Two or three more pics of the Main Bazaar where we’re staying:-
A peanut seller – we’ve never seen so many in one place!
They trade at street level and store above – two young lads are carrying bales of linen up a bamboo ladder and into the stores above the shops.
A chap with his bicycle loaded to the limit with baskets.
Our first visit of the day was to the Bahai (Lotus) Temple. We got there by the superb Delhi Metro system. It was as cheap as chips, clean beyond belief and easy to find our way around. We were told by tourist agents (four in total) that the metro was full of pickpockets and very difficult to find our way around. Instead, they would get us a “car” to take us to where we wanted go (at an enormous cost!) We smelt a rip-off, which it turned out to be the case, and got the metro anyway!
After a brilliant metro trip we arrived very close to the temple. It’s the most recent Bahai place of worship in the world and is constructed of gleaming white marble. Its a stunning building surrounded by gardens and fountains and it’s aim is to signify the equality of all religions. Inside the design is very simple but sadly there was no photography allowed.
After the Lotus Temple we took a tuk-tuk to the Haus Khas district of the city where the “village” is a car free zone and full of designer shops and expensive establishments. We took advantage of one of the expensive establishments and had a drink and a meal on a rooftop terrace.
After our expensive meal we entered ‘real India’ again and had a walk through one of the many slum areas of the city. This one is sitting side by side with the affluent Hauz Khas neighbourhood and next to some stunning medieval tombs.
We felt quite safe as we walked through the street (as we seem to do in any of our escapades!) – the people were charming and friendly if a little perplexed that two ‘blond’ men (that seems to be how we are described!) should appear on their street. The day time temperatures in Delhi were about 18 deg C but that falls quite quickly to a night time of 5 deg so we saw many little fires lit in the streets as the light faded.
Side by side with the slums is the historic medieval site of the Hauz Khas Complex. (meaning Royal Water Tank).
The complex dates back to the 13th century and the Delhi Sultanate and it’s studded with the domed tombs of Muslim royalty.
The lake (or Tank) was dug out to hold and supply water to Siri, the second medieval city of the Delhi Sultanate.
The ruins are in wonderful condition considering the age and the lack of protection it gets from the footfall of visitors. There seems to be no part of the complex which is out of bounds to the tourist. Can’t imagine this sort of thing happening in the UK!
We regularly get asked for photos with people. They get very excited when they see a ‘blond’ person (especially one as tall as James!)
It feels like a Indian version of Pompeii ……..
…… and some of the architecture is stunning in both its design and condition.
The domed buildings are all tombs dating between 14th and 16th centuries.
Outside the complex, and back into the modern world, we come across a flip-flop seller wheeling his cart down a very busy road. (witnessing this sort of thing, it’s really difficult to try and describe Delhi).

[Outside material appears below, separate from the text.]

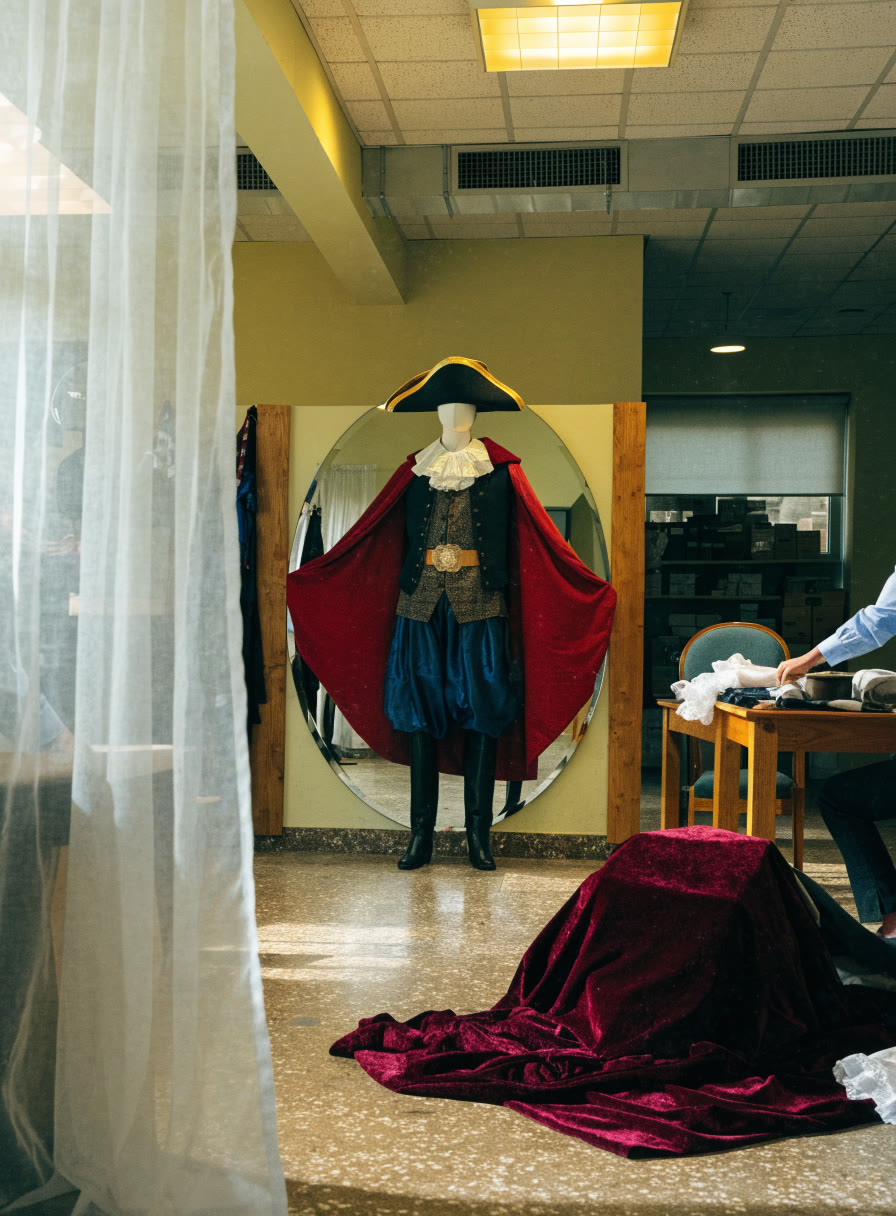 Probador con espejo redondo y maniquí vestido de capitán pirata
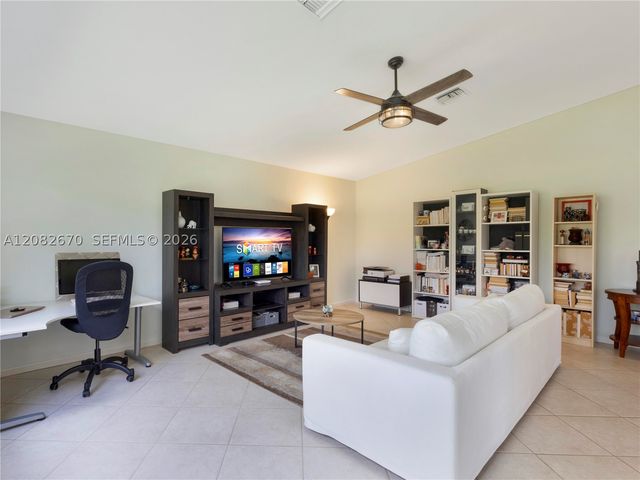 2549 Egret Lake Dr, Green Acres, FL 33413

Our third day saw us take the (three hour late) train from Delhi to Agra. We travelled third class a/c for the three hour journey and the next few pics are taken from the train window (hence the hazy look!). Peoples home are literally next to the railway line ………..

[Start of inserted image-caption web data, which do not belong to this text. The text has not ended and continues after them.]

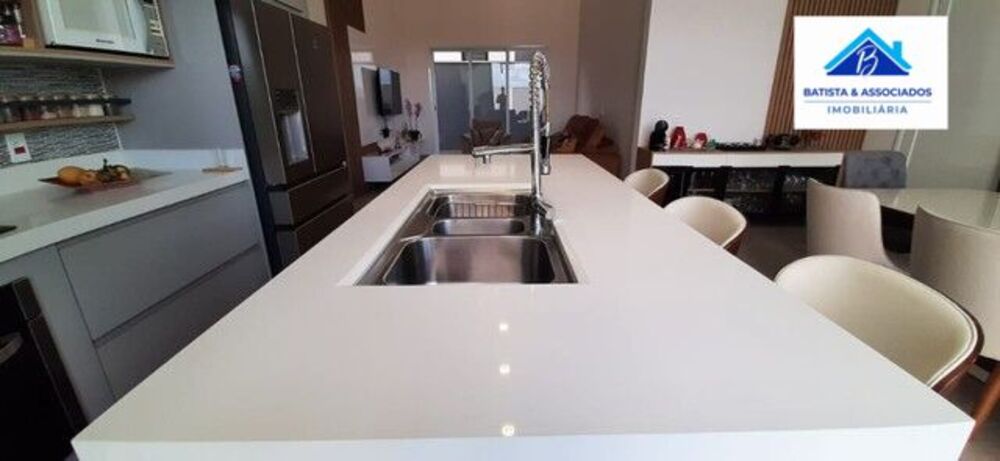 Casa, 3 quartos, 180 m² - Foto 2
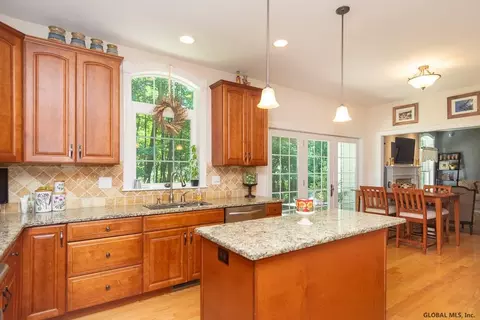 159 Bender Ln, Glenmont, NY 12077 photo 18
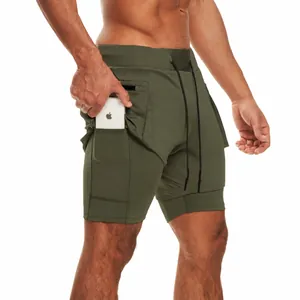 Detalle de pantalones cortos deportivos 2 en 1 verde oliva con bolsillo interno para teléfono.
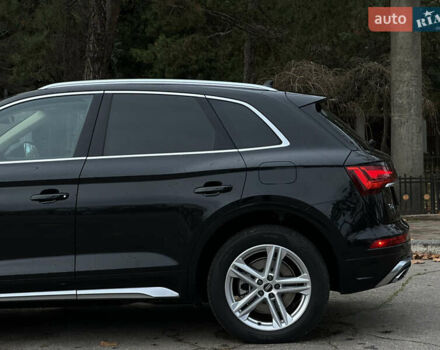 Черный Ауди Ку 5, объемом двигателя 2 л и пробегом 28 тыс. км за 46999 $, фото 7 на Automoto.ua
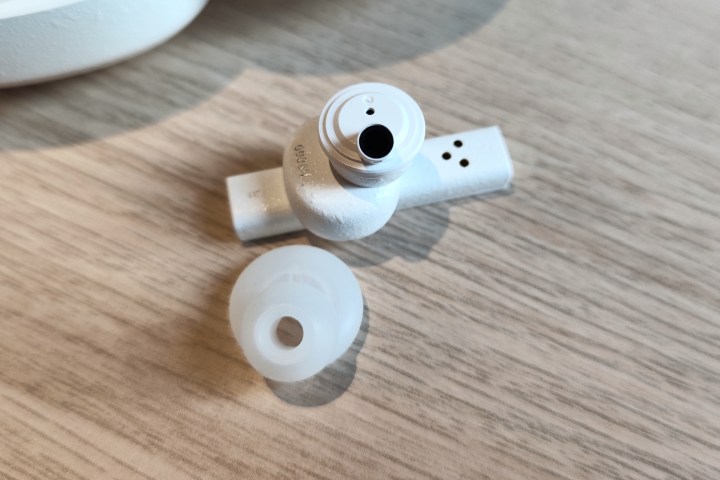 Final Audio ZE8000 earbud with eartip removed.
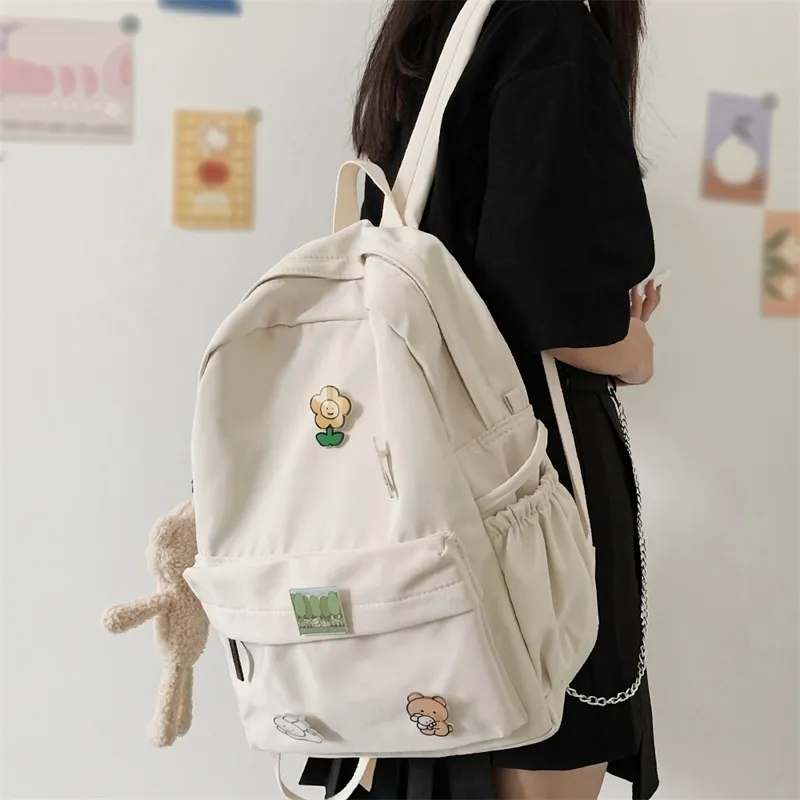 Kvinnor Nylon söt ryggsäck Bear Female Student College School Bag Badge Girl Doll Ryggsäck Kawaii Book Ladies Fashion Bags Trendy 220817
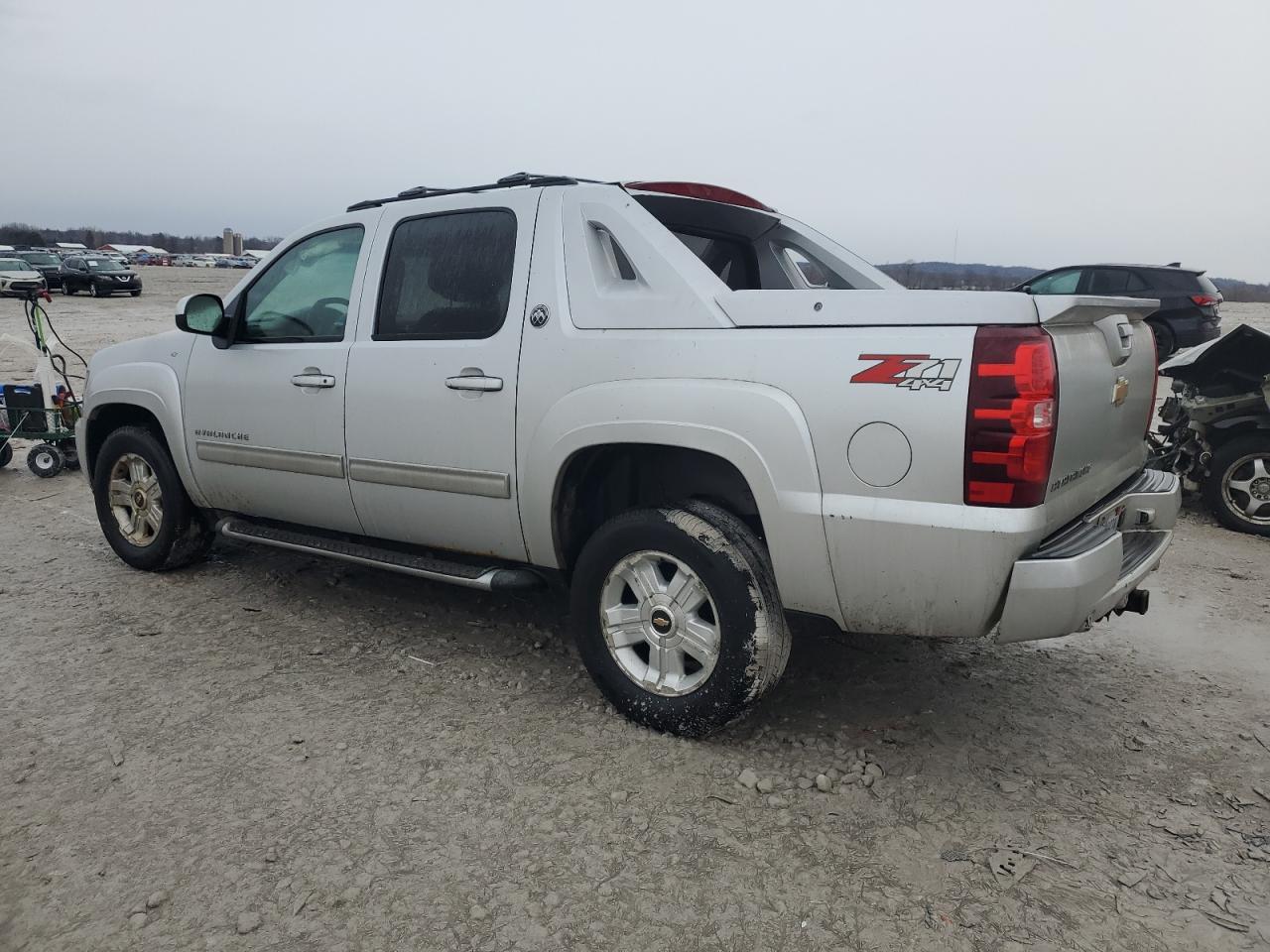 2013 CHEVROLET AVALANCHE - Image 2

…… and they don’t think twice about using it as part of the furniture. This group of men are playing cards!
People walk quite happily along the lines.
Inside the train things felt a little safer. Our 3rd class a/c compartment held eight people, all of us having our own bed if we felt like a bit of a relax. Doug had forty winks (a few times!) during the 3 hour journey …………
……… while James, lying on his bed next to the window, continued to be fascinated by the outside world!
Well, we arrived in Agra around 5 o’clock ( quite a bit later than planned but that’s life!) as the light began to fade and booked into the Hotel Taj Plaza. Grand in name but mediocre in reality it was to serve us in that guise for our one night stay. Our reason for getting to Agra, of course, was to visit the Taj Mahal which we’d planned for the following day.
As night time fell on the city the approach road to the Taj, where our hotel was situated, was beautifully paved and it’s half mile length was cleverly lit all the way to the gates.
At night the hotels on the approach road tried to outdo each other with their lighting designs which all added to our excitement and anticipation of the next day!